* [What to work on]: Without including pictures, set down every record exactly as it stands.

* [Exercise input]:
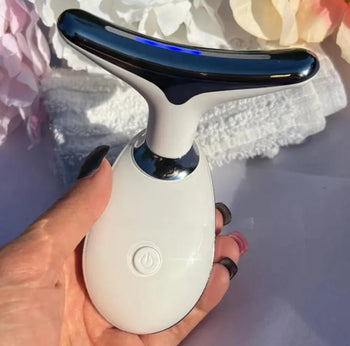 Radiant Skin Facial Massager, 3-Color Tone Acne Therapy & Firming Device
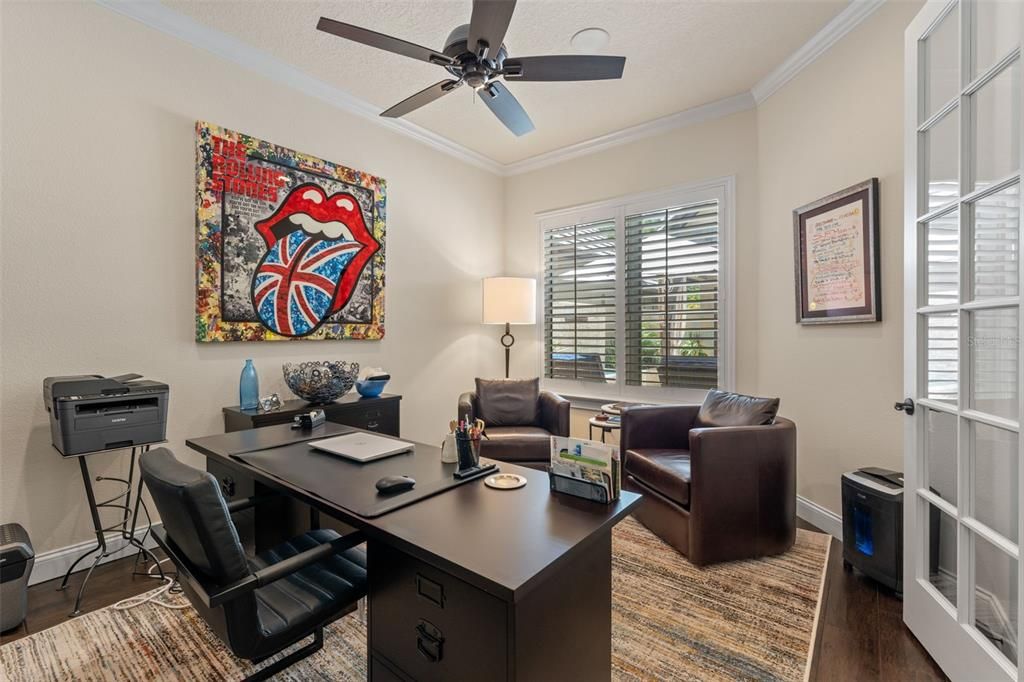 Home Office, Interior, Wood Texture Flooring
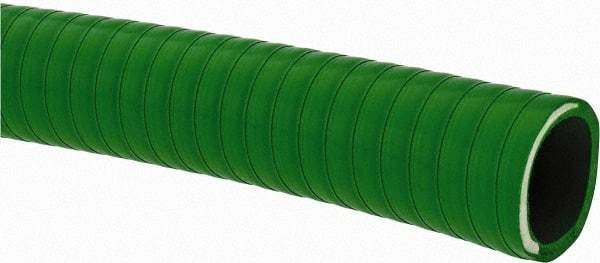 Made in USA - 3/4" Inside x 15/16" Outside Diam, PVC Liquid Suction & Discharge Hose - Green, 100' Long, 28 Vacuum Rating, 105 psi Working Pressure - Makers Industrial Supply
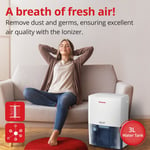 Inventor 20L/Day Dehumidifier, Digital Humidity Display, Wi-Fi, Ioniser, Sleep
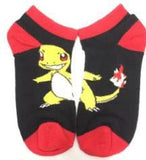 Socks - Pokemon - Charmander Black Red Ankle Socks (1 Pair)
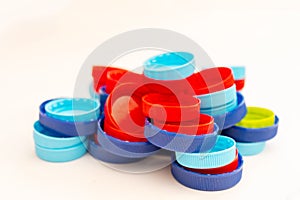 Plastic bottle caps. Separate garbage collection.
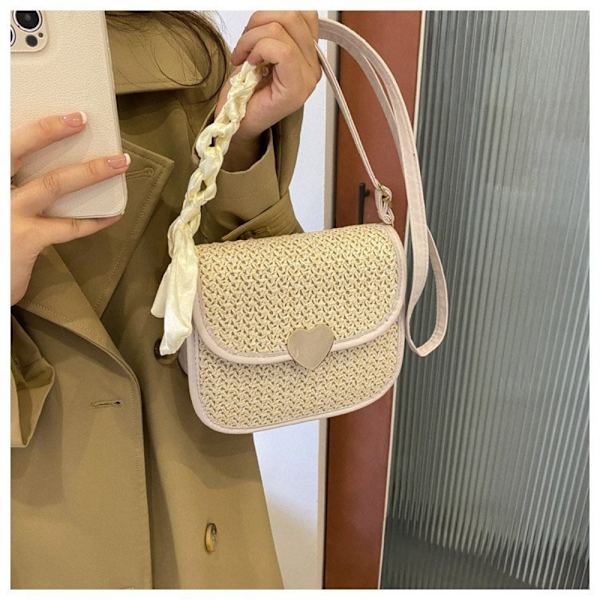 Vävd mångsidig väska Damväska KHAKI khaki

* [Result for this exercise]:
 Radiant Skin Facial Massager, 3-Color Tone Acne Therapy & Firming Device
 Home Office, Interior, Wood Texture Flooring
 Made in USA - 3/4" Inside x 15/16" Outside Diam, PVC Liquid Suction & Discharge Hose - Green, 100' Long, 28 Vacuum Rating, 105 psi Working Pressure - Makers Industrial Supply
 Inventor 20L/Day Dehumidifier, Digital Humidity Display, Wi-Fi, Ioniser, Sleep
 Socks - Pokemon - Charmander Black Red Ankle Socks (1 Pair)
 Plastic bottle caps. Separate garbage collection.
 Vävd mångsidig väska Damväska KHAKI khaki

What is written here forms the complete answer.